What happened to Maggi Mee?

On the day before our flight back to Rome, I packed loads of Singaporean foodstuff in my luggage. One of these item was Maggi Mee.

Maggi Mee

Maggi Mee is probably one of the food that many Singaporeans have growing up. Since it’s so easily prepared, it’s a saviour especially for people who have no time or too lazy to cook prefer the convenience of an instant food.

I made Cart a bowl of Maggi Mee Curry to try for the first time and this was his experience. Please excuse the quality though, I didn’t realise the small resolution while recording it.

Personally I don’t know what Maggi did to the formulation. It’s different! You can taste it! What did you do? What did you do?!
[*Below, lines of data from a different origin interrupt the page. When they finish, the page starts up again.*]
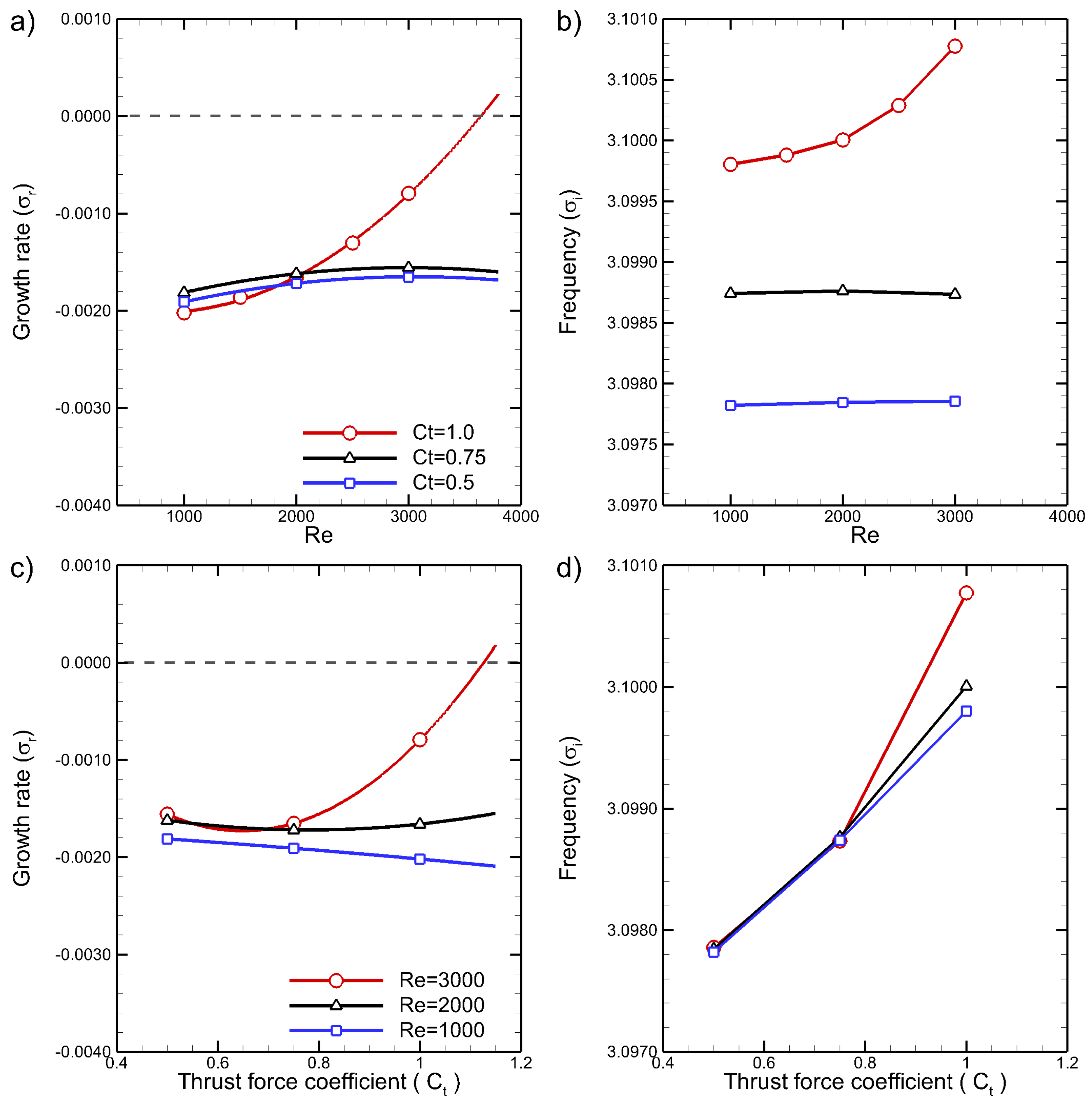 Energies 10 01599 g007 Energies 10 01599 g007
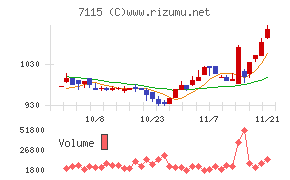 アルファパーチェス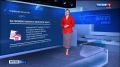 Жителям Тверской области дали еще 5 лет для упрощенного оформления гаражей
16 Replies to “What happened to Maggi Mee?”

  1. Liza

    I didnt notice the pyramid while buying in the supermarket .. LOL, I just grab everything I wanted and throw at the cashier! 😛

    Mintea

    I didn’t see the “unhealthy” version come to think of it. Everything was practically the same in NTUC. Bleargh.

    Cart was asking me if I could make my own curry noodle with the curry powder that we have. Ehm. I will try to make after this “healthy” incident.

  2. It is difficult to find the original version of Maggi noodle at leading supermarket nowadays. Most of them have the new less salt version. Tried it once and it does not taste nice at all. So now, I always get mine at shops like Sheng Siong or kedai mamak or small provision shops. They still have the original version.

  3. Rosie

    Alamak! Then in that case, by the time that I return back to Singapore in mid December (God willing) all the original Maggi Mee will be gone!

    Haiyah! Lucky you, you still can eat original version. I have yet to see any maggi mee in rome 😛

    Lisalicious

    Hahaha, then I just dont eat at all lah. I dont like the new version. Hence even more healthy 😛

  4. Did u noticed the Japanese and Korean versions ? To me they taste the same as Maggi, which doesnt justify the higher price !

    Here we hv brands like Yum Yum (thai, 40ct), Mamee (M’sian, 39ct) n Good Noodles (dutch, 69ct). The dutch version is very good with their dry noodles (mee goreng, tandoori, chicken satay, curry, etc) whereas their soup noodles are rather bland, just like the 2 asian versions (beef, chicken, mushroom, prawns, curry, asam laksa).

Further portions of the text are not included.